TASK TO COMPLETE
Return an exact copy of the data, starting at its first line and ending at the line that contains "Makonneen's Live XXX Chat", minus any pictures.

DATA BLOCK
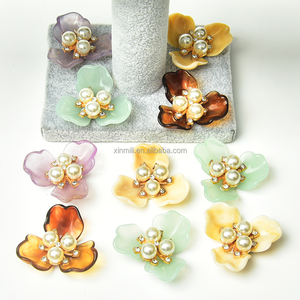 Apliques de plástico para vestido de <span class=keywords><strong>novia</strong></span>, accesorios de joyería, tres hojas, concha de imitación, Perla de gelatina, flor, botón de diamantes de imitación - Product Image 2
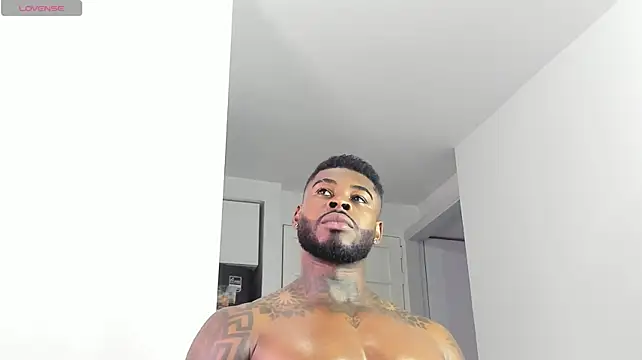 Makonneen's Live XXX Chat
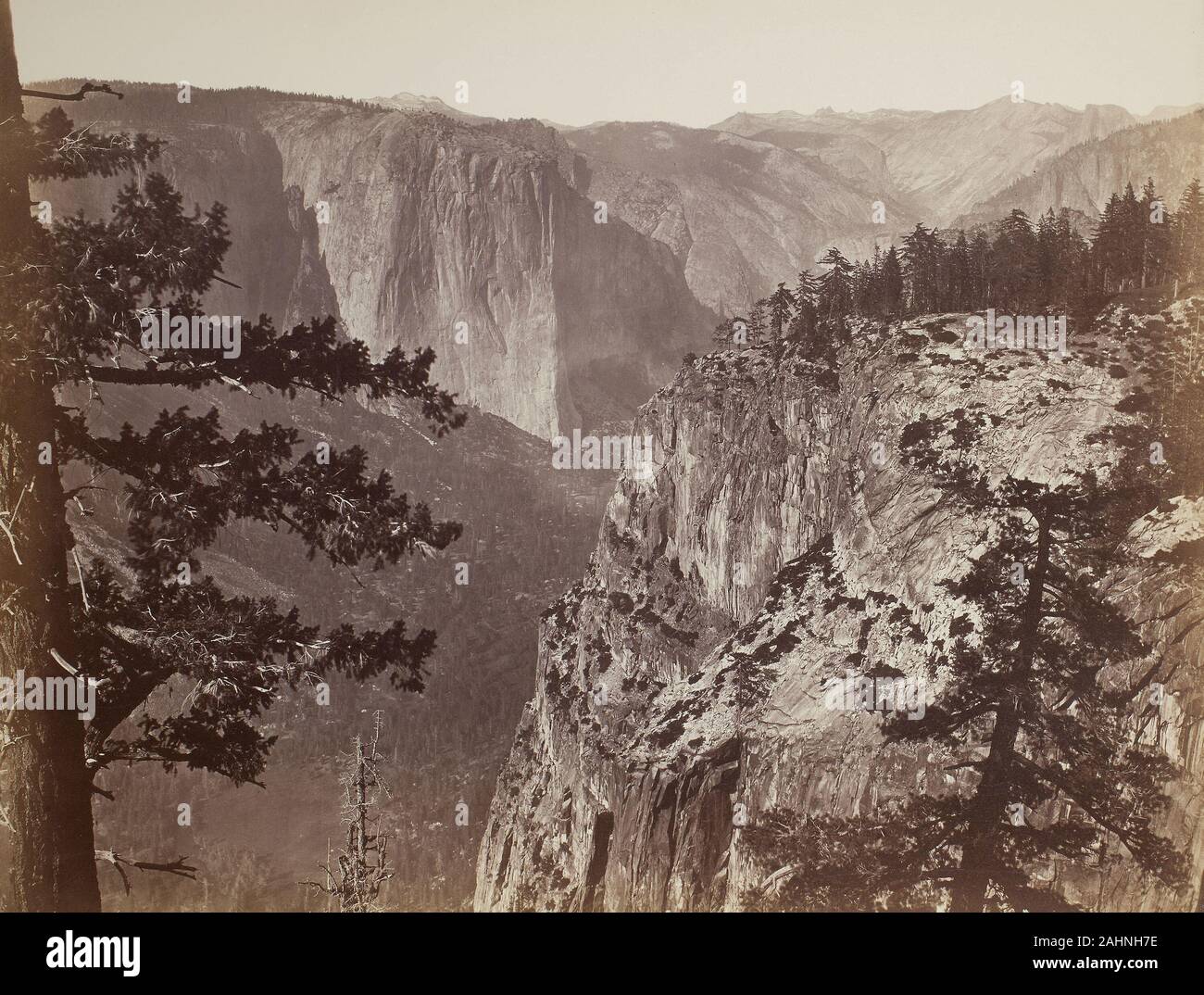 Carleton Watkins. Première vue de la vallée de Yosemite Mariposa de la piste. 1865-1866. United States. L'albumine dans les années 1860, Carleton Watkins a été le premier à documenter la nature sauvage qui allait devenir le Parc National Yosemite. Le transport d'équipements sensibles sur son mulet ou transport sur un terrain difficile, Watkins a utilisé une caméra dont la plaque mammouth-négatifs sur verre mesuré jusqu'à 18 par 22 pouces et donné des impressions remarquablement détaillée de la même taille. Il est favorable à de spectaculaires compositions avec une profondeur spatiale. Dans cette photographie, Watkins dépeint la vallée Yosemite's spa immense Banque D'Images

SOLVED EXERCISE
 Apliques de plástico para vestido de <span class=keywords><strong>novia</strong></span>, accesorios de joyería, tres hojas, concha de imitación, Perla de gelatina, flor, botón de diamantes de imitación - Product Image 2
 Makonneen's Live XXX Chat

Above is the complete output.